# BDA3 Chapter 3 Exercise 4

Here’s my solution to exercise 4, chapter 3, of Gelman’s Bayesian Data Analysis (BDA), 3rd edition. There are solutions to some of the exercises on the book’s webpage.

Suppose we have two independent trials where the likelihood of death is binomial, $$y_i \mid p_0, p_1 \sim \dbinomial(n_i, p_i)$$, $$i = 0, 1$$. We will compare two different non-informative priors on the odds ratio

$\theta := \frac{p_0}{1 - p_0} / \frac{p_1}{1 - p_1} .$

Here are the given data.

df <- tibble(
cohort = c('control', 'treatment'),
patients = c(674, 680),
deaths = c(39, 22)
) %>%
mutate(survived = patients - deaths)
cohort patients deaths survived
control 674 39 635
treatment 680 22 658

We’ll need a couple of functions for drawing random samples for $$\theta$$.
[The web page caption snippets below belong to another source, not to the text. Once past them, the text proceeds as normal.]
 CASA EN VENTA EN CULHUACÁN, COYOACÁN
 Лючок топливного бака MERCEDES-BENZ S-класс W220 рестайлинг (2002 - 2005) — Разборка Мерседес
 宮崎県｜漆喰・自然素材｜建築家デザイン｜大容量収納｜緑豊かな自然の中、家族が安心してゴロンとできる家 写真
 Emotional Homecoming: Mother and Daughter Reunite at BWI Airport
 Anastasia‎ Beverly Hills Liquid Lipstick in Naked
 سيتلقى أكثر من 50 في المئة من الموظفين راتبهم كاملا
odds <- function(p) p / (1 - p)

simulate <- function(n, k, a, b, draws = 10000)
# draws from posterior
# n bernouille trials, k successes with beta(a, b) prior
tibble(
draw = 1:draws,
value = rbeta(draws, k + a, n - k + b)
)

posterior <- function(a, b, draws = 10000)
# random samples from theta posterior with beta(a, b) prior
df %>%
transmute(
cohort,
draws = map2(patients, deaths, simulate, a, b, draws)
) %>%
unnest(draws) %>%
mutate(theta = odds(control) / odds(treatment))

Let’s compare a uniform prior to a prior close to $$\dbeta(0, 0)$$.
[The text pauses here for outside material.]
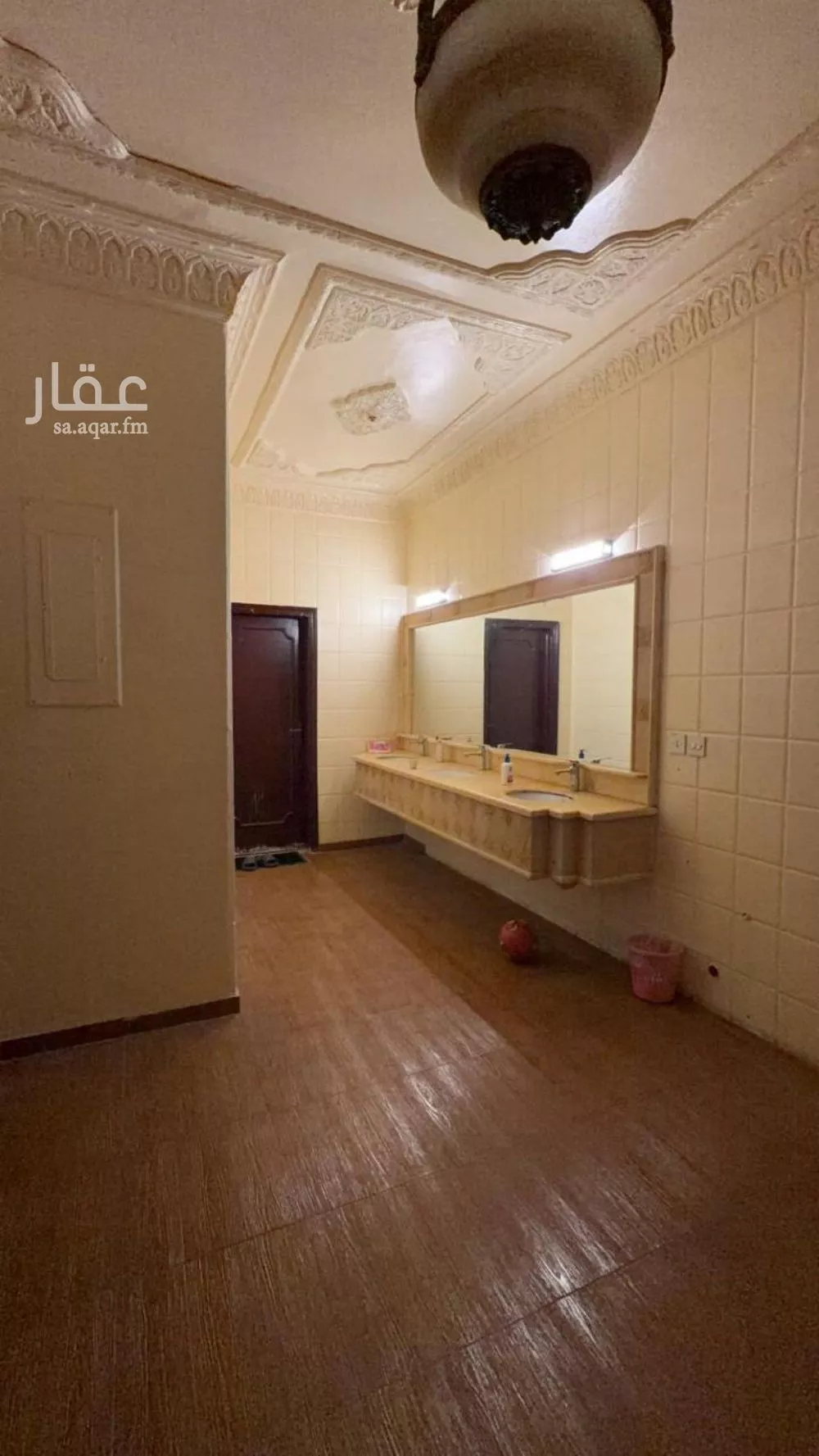 فيلا 11 غرف في الزهرة 5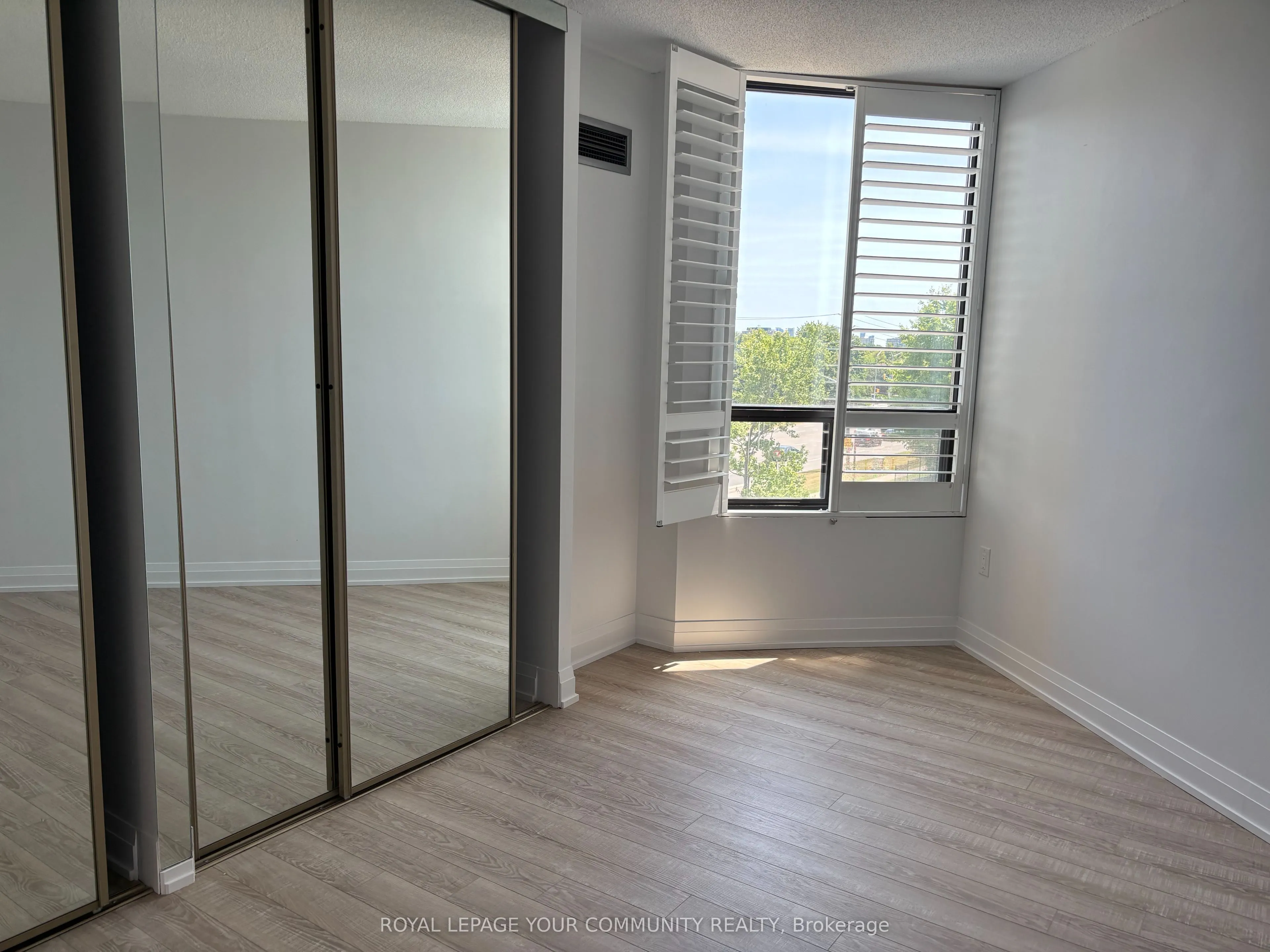 7460 Bathurst Street, #407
uni <- posterior(1, 1) %>%
mutate(prior = 'uniform')

zero <- posterior(0.000000001, 0.000000001) %>%
mutate(prior = 'zero')

posteriors <- bind_rows(uni, zero)

Here are the 95% posterior credible intervals for $$\theta$$.

cis <- posteriors %>%
group_by(prior) %>%
summarise(
q05 = quantile(theta, 0.05),
q50 = quantile(theta, 0.5),
q95 = quantile(theta, 0.95)
)
prior q05 q50 q95
uniform 1.173093 1.807827 2.845203
zero 1.189055 1.842631 2.961087

The estimates with the “zero” prior are slightly higher than those from the uniform prior, especially in the tails.